Following the tornado outbreak, Wisconsin Governor Tommy Thompson declared a state of emergency for Fond du Lac County, resulting in the deployment of the National Guard to aid victims and clear debris. In total, 47 of 320 homes were destroyed and 56 homes were heavily damaged, along with numerous businesses and churches. Damage estimates reached over US$40.4 million, marking the outbreak the costliest in state history.

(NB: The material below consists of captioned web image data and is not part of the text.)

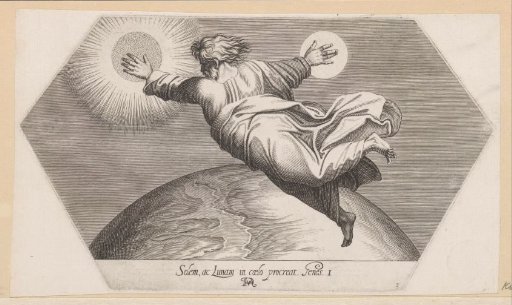 God Creates the Sun and the Moon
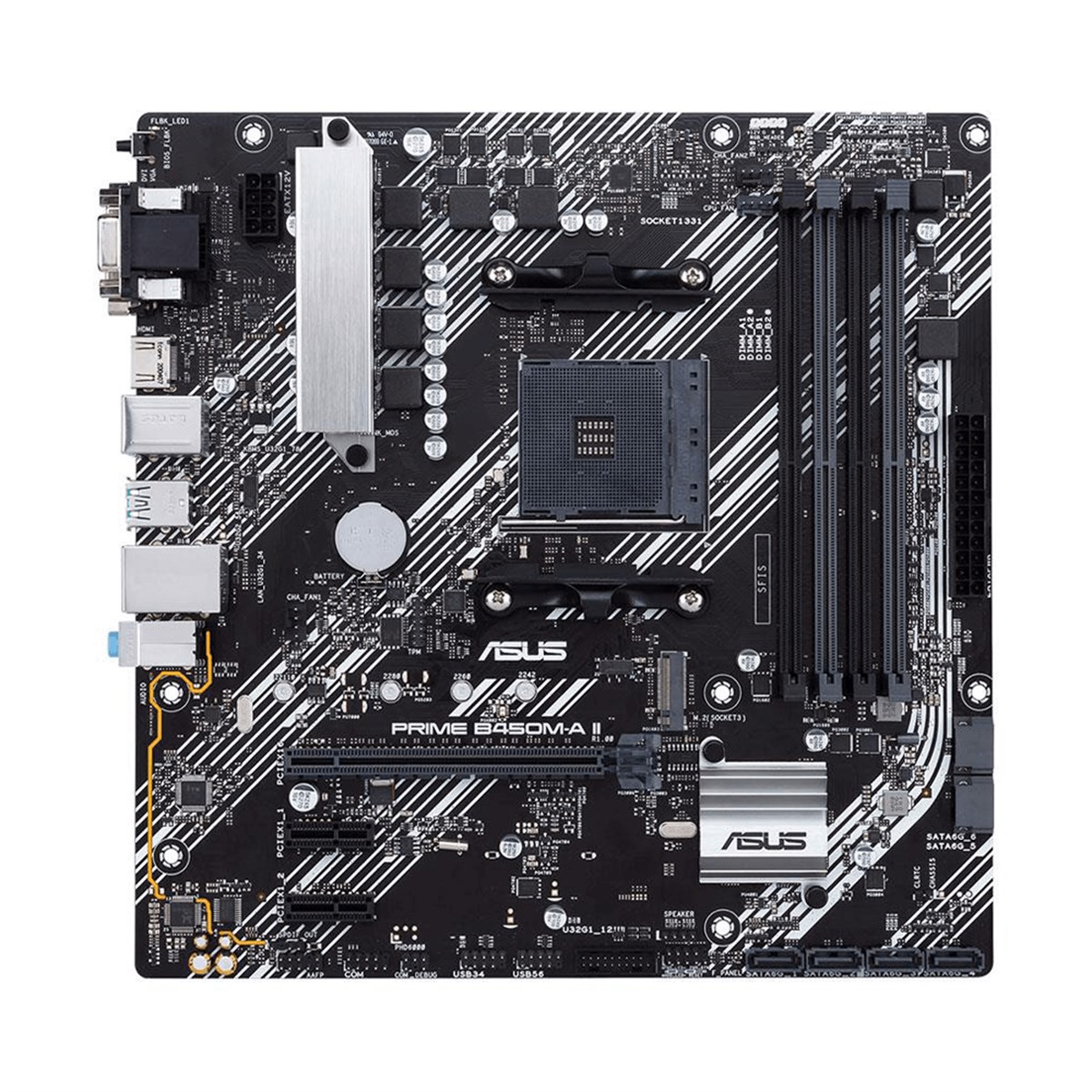 Asus Prime B450M-A II DDR4 S+V+GL AM4 (mATX) DDR4 4400(O.C.),1x M.2 Socket
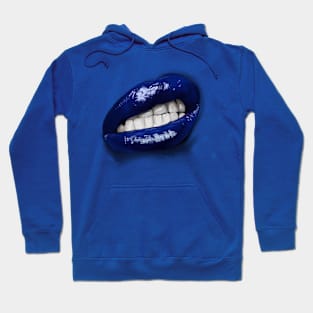 Blue lips Hoodie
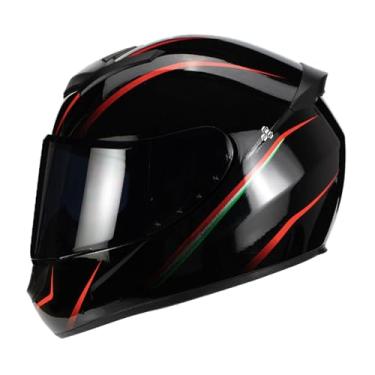 Imagem de Mqetly Capacete Capacete com Viseira Confortável para Viagens em Motocross Forro Removível E Lavável Equipamento de Proteção para Motocicletas, M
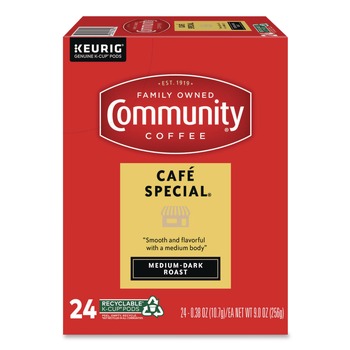 Community Coffee 5000374325 K-Cup - Cafe Special (24/Box)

Despite the severity of the F5 tornado and the extensive destruction it caused, no fatalities were reported in the F5 tornado, but during the F2 near Marysville, 1 fatality occured. Jonathan Horsch, 1, was possibly killed by the tornado. Another 17 people were injured during the outbreak. In the time that followed, the community of Oakfield received significant financial support from individuals and businesses in the form of donations and loans to aid in the rebuilding process. Much of the area's tree canopy and ecological landscape were devastated by the tornado, but through the concerted efforts of area residents and fundraising initiatives, over $102,000 was raised, and more than 1,400 trees were planted.

The 25th anniversary of the tornado was observed on July 18, 2021, with a series of commemorative events being held, including a parade, an outdoor church service, village-wide open houses, and a display of photographs and first-hand accounts of the tornado at the Oakfield Public Library's story walk in Acorn Park.